I'm running at 4.3Ghz stable so far 14 hours prime
ya this is a very old topic, i say let it die.
Well I was going to mess with him a little, but he knows that it has a cold bug hehe.
No use in doing to this chip IMO.
But it could be a good learner chip say for 40-50 bones........
Let it die? It could very well die it would be my first Intel IHS removal.
well, for Core 2 Users, many have tried removing the IHS to the fail of the Die Coming off with the sink, so its not worth trying to remove it, and you have to be really careful if you try to grind the sink off, but i say the reason it is there is to spread the heat out despite a bigger heatsink being installed (More Square area touches the Sink, the faster the Heat is dissipated.
No, the only reason they started using IHS's is to prevent people from crushing/cracking cores, which was a common problem before the IHS days. The IHS has absolutely no benefit to temps at all, period.
I thought the IHS was actually somewhat detrimental to core temps?
It is. That's why I said no benefit.
But I believe that with a Heatspreader such a thing is much less likely to happen:
http://www.youtube.com/watch?v=XgOmMAasqto (wait for the AMD CPUs)
It should at least prevent total Meltdown even in absence of a good Throtteling system...
That's old/ ALl cpus are protected now.
It's when you go into bios and tell it not to do all the safety stuff and crank up the voltage really high.
Oh, I see... Thanks for the heads up.
But techincally it should at least stop the cpu from reaching the 300°C in such a short time; it should spread some of the heat away from the core, right? Maybe give the safety-mechanisms a bit more time to react.
Like if you have a intel motherboard and a intel chip it does that to stop a fry out it the fan dies in a business.
AMD started doing this a while back too.
It just lowers the voltage to a point where it will not fry and slow it down. From the way I understand it. It;s been a while from the last time I looked into it.
take a look at this http://www.youtube.com/watch?v=bs6m_BgQc4c
now thats hot
also check this out
What is the point of removing the IHS from the CPU there is a other way to cool the CPU that I don`t know. Is it possible to put back the IHS. And can you put cooler directly on the die ?
from what i understand the point in removing it is you get lower temps. Yes you can put a cooler directly on the die. Thats how it was done in the P3 and Anthlon Xp days
Yes I know how they look like but I saw that I7 and the architecture of the die was visible. I thought that it is the same for Athlon64 x2. Because those old CPUs dies are not naked they are covered.

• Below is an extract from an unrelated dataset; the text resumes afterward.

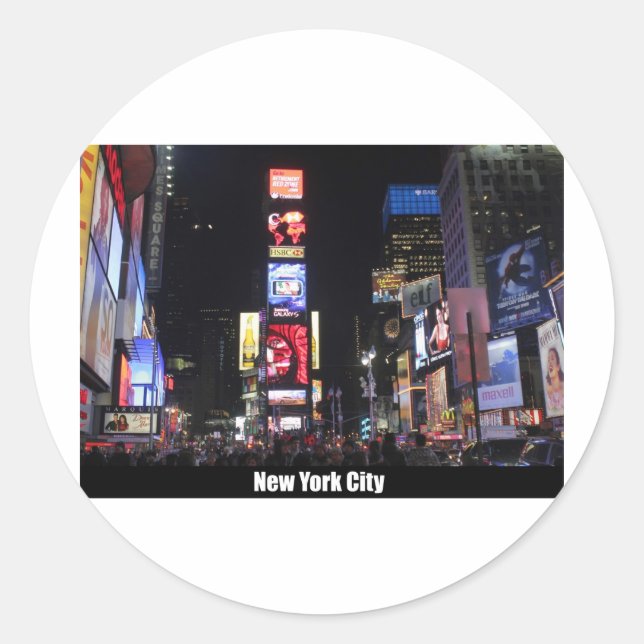 Adesivo Redondo Nova Iorque de Times Square (Frente)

but wasn't the core I7 also damaged when the IHS was removed? If so it could have taken off the protective layer along with the IHS. I really am not sure if the X2 is the same way
Maybe they don't have the protective layer (or a thinner one), because they have the IHS; I suppose the protective layer brings some detrimental aspects in terms of heat dissipation aswell, so why go all the way and make things even worse, if it works without. Mobile versions of CPUs are still naked afaik (with a protection layer); at least the T7500 and T7100 I had/have in my Laptop were.
Is there still enough tension with the AM2 HS spring to keep good contact with the die once the IHS is removed?

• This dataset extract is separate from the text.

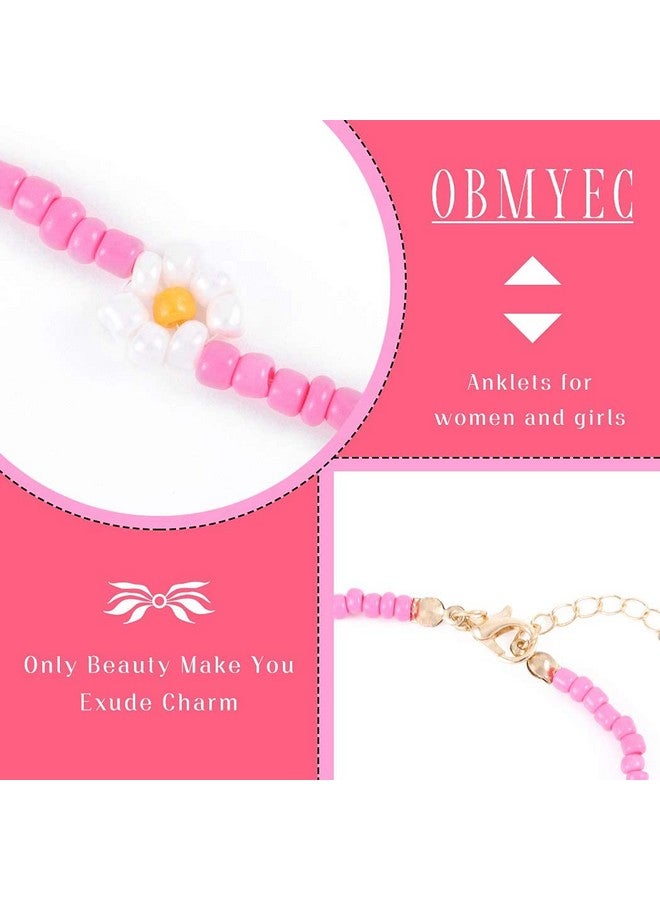 Obmyec Boho Beaded Anklets Pink Flower Daisy Foot Chain Rice Beads Ankle Bracelets Daisy Seed Beaded Ankle Accessories Summer Beach Foot Jewelry For Women - Image 3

No, you have to tweak it a little by bending it.
possibly use a shim from a SKT A to prevent any failures along with those foam pads they used on the CPUs.
I never had to use one. You just have to make sure you don't apply pressure at an angle.
minor tweaking to a clip or spring system can cause you to apply too much pressure yourself, thats how i killed a 3200 AXP CPU, bent the clip a little and then i wound up having to apply way too much pressure compared to the clip being default.
That's why you re-tweak, before trying to force it.